Detalhes do Documento

Nanosystems that enable the sequential delivery of various drugs with different targets are desired for improved cancer therapy. However, current strategies are mainly dependent on the tumour microenvironment, such as low pH or enzyme-triggered release. In this work, a nanosystem design strategy for near infrared (NIR) light-triggered sequential delivery based on lipid-gated mesoporous silica-coated gold nanorods and chitosan/alginate nanogels was developed. The mesoporous silica particles (99 ± 11 nm) were loaded with methotrexate, and further coated with a thermoresponsive phospholipid bilayer that works as gatekeeper.

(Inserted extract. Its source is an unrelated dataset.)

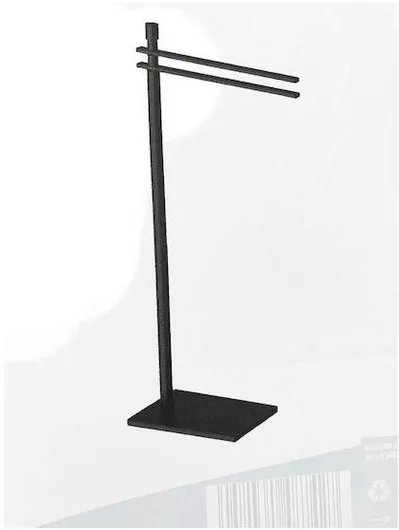 Κρεμάστρα Μπάνιου Progetto Καλόγερος Μεταλλική Δαπέδου 80x80cm Μαύρο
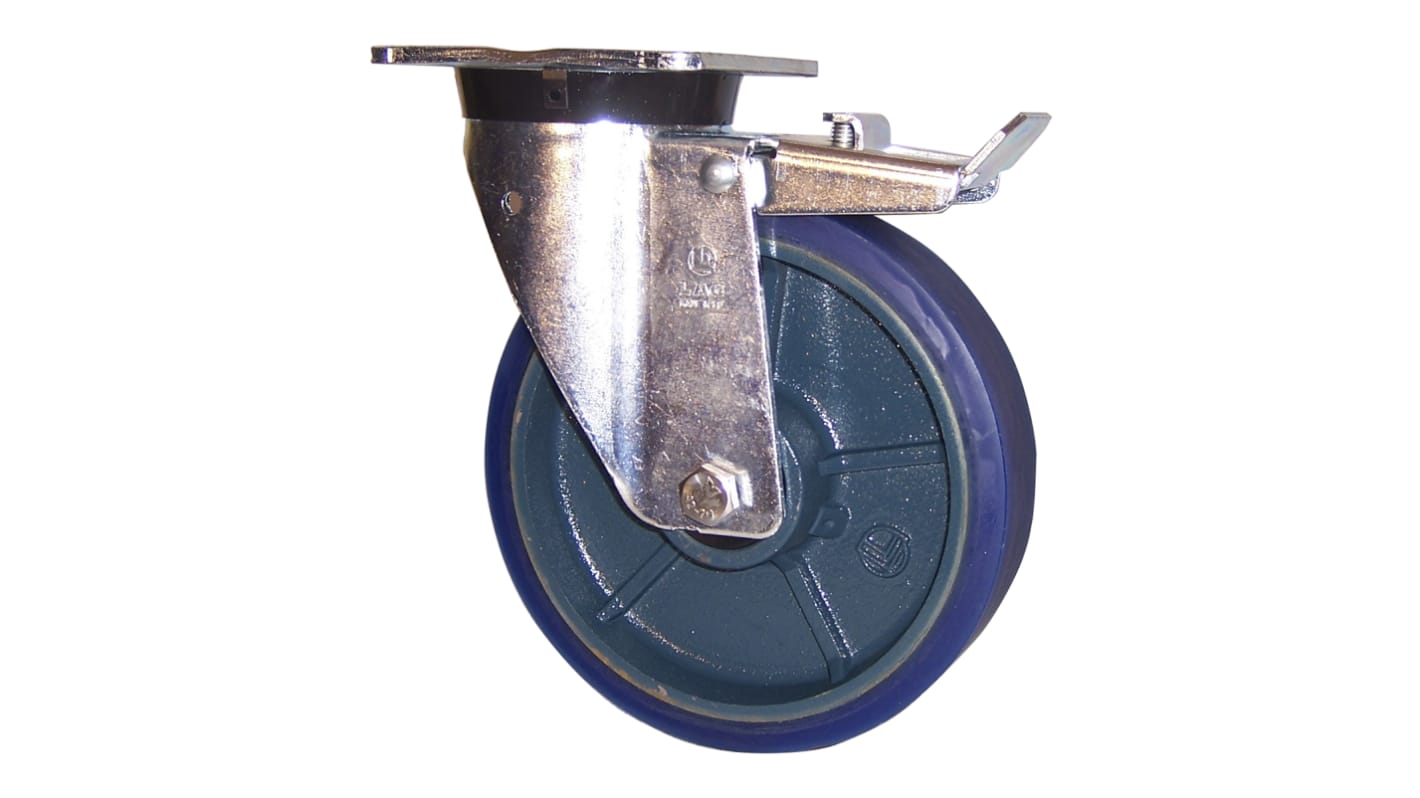 LAG Braked Swivel Castor Wheel, 400kg Capacity, 125mm Wheel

These particles were then incorporated in a chitosan/alginate nanogel matrix containing doxorubicin. The plasmonic nanogels exhbited high loading efficiencies of ∼90% and ∼85% for methotrexate and doxorubicin, respectively. Notably, this system displayed average hydrodynamic diameters near 300 nm, low polidispersity, highly negative zeta potential (∼ −30 mV), and a sustained release of both drugs under acidic and neutral conditions. Upon NIR laser irradiation, an enhanced release of both drugs was observed, with doxorubicin exhibiting a faster release rate than methotrexate under acidic conditions. This design strategy of NIR-triggered sequential delivery holds promise for different drug combinations against multiple targets in tumour microenvironment in the field of multimodal cancer therapy.